» What is needed
From the line with "Kruisen op Golgotha" to the final line, print the records exactly as they are.

» Listed records
##########

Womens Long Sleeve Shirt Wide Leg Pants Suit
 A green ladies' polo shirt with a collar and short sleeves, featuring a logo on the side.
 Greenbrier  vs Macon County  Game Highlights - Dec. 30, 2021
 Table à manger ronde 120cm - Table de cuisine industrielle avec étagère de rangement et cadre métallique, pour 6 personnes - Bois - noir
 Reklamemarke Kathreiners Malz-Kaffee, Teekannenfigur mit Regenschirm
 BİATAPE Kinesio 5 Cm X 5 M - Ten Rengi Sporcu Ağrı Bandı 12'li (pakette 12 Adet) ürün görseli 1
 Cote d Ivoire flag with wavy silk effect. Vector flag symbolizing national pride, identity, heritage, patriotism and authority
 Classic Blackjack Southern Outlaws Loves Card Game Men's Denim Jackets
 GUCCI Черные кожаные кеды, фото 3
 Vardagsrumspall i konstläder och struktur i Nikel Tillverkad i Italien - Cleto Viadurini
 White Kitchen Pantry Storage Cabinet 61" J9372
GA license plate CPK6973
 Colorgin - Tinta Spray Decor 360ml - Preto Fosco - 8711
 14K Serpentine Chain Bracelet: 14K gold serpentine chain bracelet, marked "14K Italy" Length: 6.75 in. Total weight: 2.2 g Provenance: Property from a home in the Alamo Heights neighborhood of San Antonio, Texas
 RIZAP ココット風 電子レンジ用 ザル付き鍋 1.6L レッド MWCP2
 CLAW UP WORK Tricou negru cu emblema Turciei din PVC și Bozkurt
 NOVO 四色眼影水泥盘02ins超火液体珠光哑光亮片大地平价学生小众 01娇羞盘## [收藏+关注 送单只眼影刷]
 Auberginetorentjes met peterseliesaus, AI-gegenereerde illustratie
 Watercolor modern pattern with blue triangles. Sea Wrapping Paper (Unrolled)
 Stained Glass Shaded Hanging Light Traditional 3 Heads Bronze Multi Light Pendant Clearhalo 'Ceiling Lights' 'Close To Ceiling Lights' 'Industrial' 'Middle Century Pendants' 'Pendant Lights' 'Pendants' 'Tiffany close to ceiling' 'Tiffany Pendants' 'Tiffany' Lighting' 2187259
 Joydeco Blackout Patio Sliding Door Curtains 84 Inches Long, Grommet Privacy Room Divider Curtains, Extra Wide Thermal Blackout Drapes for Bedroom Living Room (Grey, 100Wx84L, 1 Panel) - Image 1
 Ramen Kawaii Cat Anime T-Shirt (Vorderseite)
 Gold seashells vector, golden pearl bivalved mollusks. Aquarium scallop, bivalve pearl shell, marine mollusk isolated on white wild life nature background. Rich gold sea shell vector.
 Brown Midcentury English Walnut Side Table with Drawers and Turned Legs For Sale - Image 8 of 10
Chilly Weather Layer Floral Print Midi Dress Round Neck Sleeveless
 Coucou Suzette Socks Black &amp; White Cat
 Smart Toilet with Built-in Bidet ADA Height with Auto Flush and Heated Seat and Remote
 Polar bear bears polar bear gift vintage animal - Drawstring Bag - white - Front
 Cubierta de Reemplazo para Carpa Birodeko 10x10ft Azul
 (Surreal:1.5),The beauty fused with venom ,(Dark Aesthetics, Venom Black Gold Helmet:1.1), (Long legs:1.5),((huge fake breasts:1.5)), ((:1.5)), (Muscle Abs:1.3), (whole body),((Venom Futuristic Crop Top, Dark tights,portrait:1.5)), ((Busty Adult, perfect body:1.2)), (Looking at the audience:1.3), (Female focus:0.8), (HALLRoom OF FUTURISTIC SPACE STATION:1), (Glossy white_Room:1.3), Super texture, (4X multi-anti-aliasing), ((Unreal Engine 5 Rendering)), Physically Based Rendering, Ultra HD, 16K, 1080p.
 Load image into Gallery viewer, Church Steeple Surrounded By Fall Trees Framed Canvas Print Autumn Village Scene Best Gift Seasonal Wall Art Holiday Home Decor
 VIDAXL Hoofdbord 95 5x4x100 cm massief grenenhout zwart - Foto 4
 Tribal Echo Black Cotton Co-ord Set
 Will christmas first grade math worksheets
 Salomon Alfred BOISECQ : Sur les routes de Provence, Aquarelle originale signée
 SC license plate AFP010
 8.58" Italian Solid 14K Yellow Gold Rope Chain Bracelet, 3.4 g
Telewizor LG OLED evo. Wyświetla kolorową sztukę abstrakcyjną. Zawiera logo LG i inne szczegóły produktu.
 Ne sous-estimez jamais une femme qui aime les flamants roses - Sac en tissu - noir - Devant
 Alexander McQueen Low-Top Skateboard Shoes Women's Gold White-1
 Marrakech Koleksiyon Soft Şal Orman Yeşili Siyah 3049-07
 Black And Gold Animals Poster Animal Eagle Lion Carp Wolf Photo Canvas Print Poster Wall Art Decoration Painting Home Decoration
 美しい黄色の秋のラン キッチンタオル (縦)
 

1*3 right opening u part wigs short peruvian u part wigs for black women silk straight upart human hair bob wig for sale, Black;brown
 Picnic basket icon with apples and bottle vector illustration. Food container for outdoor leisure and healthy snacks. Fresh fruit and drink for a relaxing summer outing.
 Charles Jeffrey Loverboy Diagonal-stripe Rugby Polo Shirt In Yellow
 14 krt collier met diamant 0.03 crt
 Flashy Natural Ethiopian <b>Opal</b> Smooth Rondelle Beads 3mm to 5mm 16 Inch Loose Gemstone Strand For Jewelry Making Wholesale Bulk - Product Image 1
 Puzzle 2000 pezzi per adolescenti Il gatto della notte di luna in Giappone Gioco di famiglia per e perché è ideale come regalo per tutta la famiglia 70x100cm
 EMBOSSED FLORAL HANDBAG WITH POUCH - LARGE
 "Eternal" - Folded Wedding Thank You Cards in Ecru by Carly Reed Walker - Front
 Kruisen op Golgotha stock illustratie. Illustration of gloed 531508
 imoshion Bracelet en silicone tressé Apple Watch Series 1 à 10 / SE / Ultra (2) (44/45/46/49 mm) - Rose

##########

» Response
 Kruisen op Golgotha stock illustratie. Illustration of gloed 531508
 imoshion Bracelet en silicone tressé Apple Watch Series 1 à 10 / SE / Ultra (2) (44/45/46/49 mm) - Rose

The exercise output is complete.